Selain itu, awal tahun ini pemerintah harus menarik dua buku untuk dikoreksi di tengah tekanan dari pihak tertentu. Ini adalah skenario yang sangat disayangkan. Kita adalah bangsa yang bangga dengan keberagaman agama, suku, dan budayanya. Kita harus menerimanya dan melakukan segala yang mungkin untuk memajukan esensi nasional kita yang sebenarnya.

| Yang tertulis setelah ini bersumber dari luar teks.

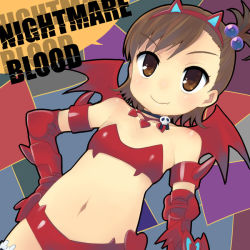 Rule 34 | 00s, 1girl, bad id, bad pixiv id, bat wings, blush, brown eyes, brown hair, child, costume, fang, female focus, futami mami, idolmaster, idolmaster (classic), nightmare blood, otoutogimi, shiny clothes, short hair, smile, solo, swimsuit, wings
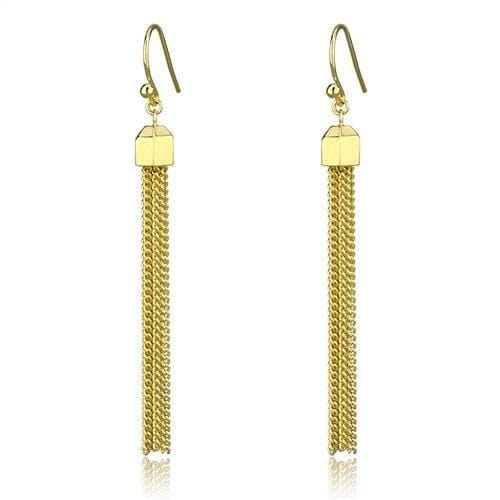3W1207 - Gold Brass Earrings with Top Grade Crystal  in Clear - Alamode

Kembali ke India, pihak berwenang di sana telah memberikan kontribusi yang sangat besar terhadap pertumbuhan ekonomi dan pembangunan India, dan tidak perlu menggunakan revisionisme sejarah untuk memenangkan pemilu tahun 2024 mendatang. Namun dalam konteks polarisasi agama yang tinggi saat ini, yang telah mencapai titik di mana Bihar Sharif yang bersejarah di Nalanda dibakar oleh massa Hindutva, tindakan pemerintah untuk menghapus sejarah Muslim dari buku teks hanya akan menambah marginalisasi kolektif komunitas tersebut. Terlibat dalam kegiatan-kegiatan seperti itu juga akan menjadi kontraproduktif bagi rezim saat ini dalam jangka panjang. Bagaimanapun, kebenaran selalu terungkap pada akhirnya.